The data that follows must be transcribed in full and exactly, minus the pictures.
-------- Data
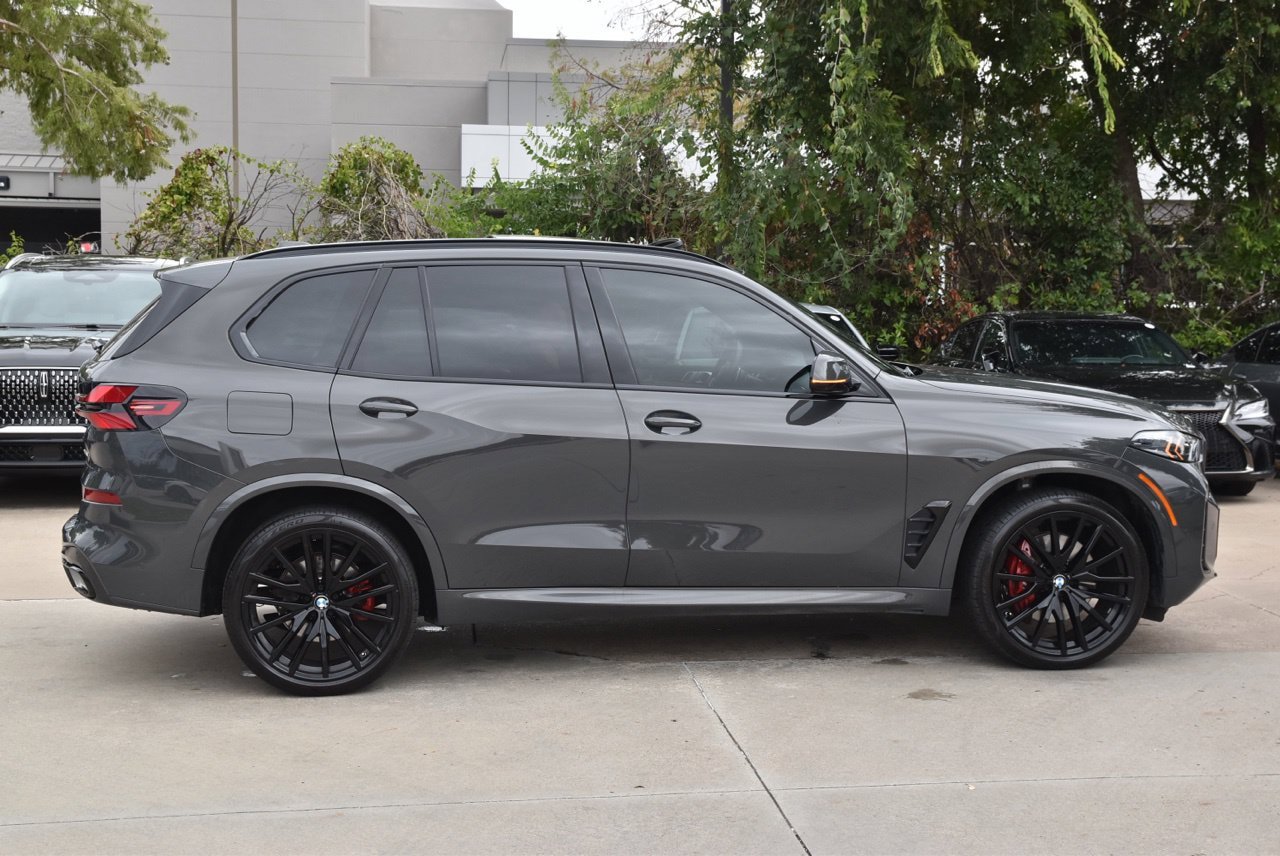Used 2025 BMW X5 xDrive40i w/ M Sport Package AWD/4WD image 6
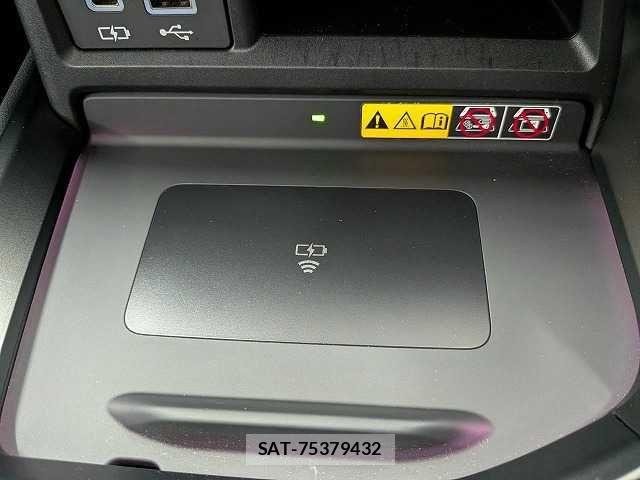 Lexus NX 2023-03 8245731-11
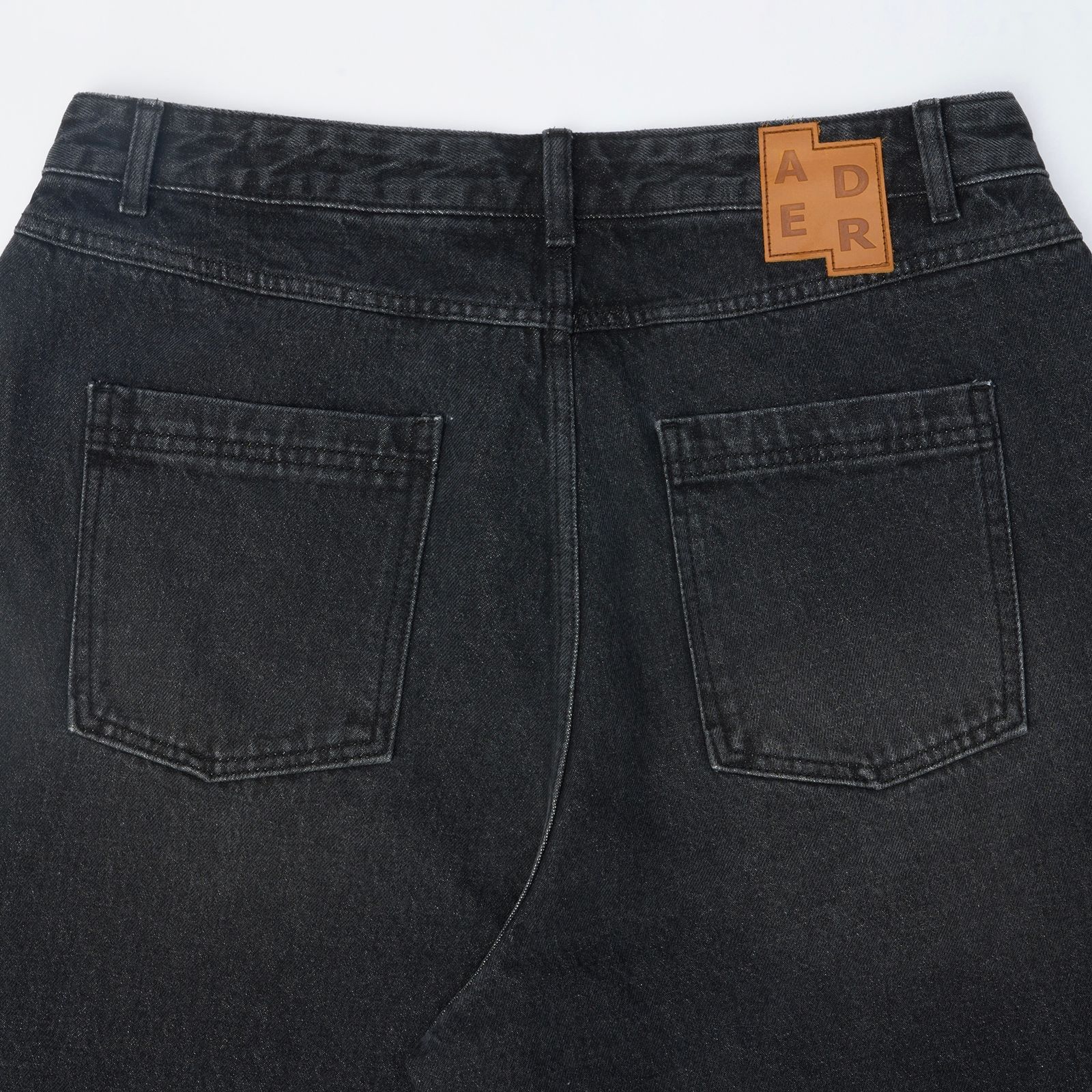 【残り一点】Sig; SV Tag Short Jeans 01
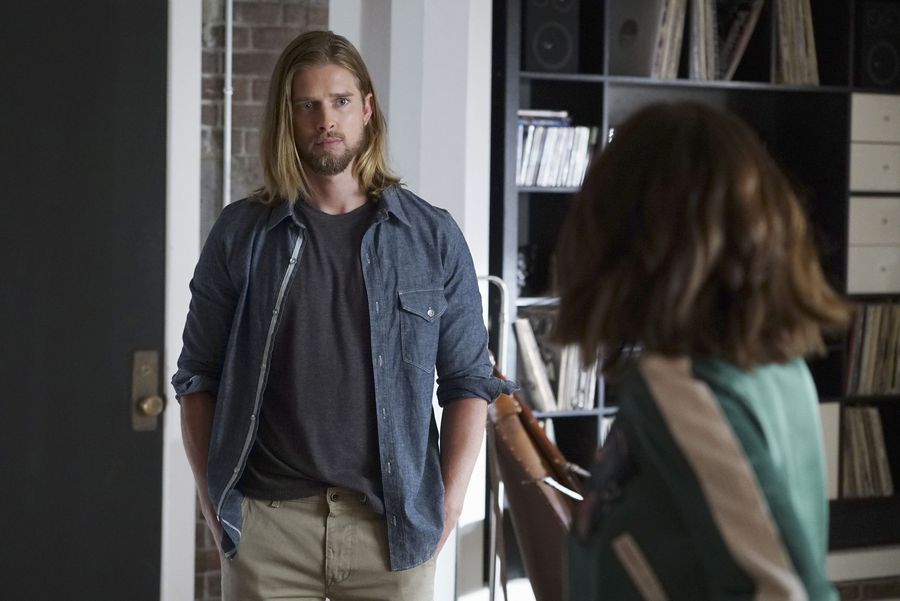 DrewVAckerFanFR's tweet photo. #PHOTOS Drew dans le 7x09 de #PLL "The Wrath of Kahn" : https://t.co/bYGMtmcfCv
----------------
_Reply to the task_:
Used 2025 BMW X5 xDrive40i w/ M Sport Package AWD/4WD image 6
 Lexus NX 2023-03 8245731-11
 【残り一点】Sig; SV Tag Short Jeans 01
 DrewVAckerFanFR's tweet photo. #PHOTOS Drew dans le 7x09 de #PLL "The Wrath of Kahn" : https://t.co/bYGMtmcfCv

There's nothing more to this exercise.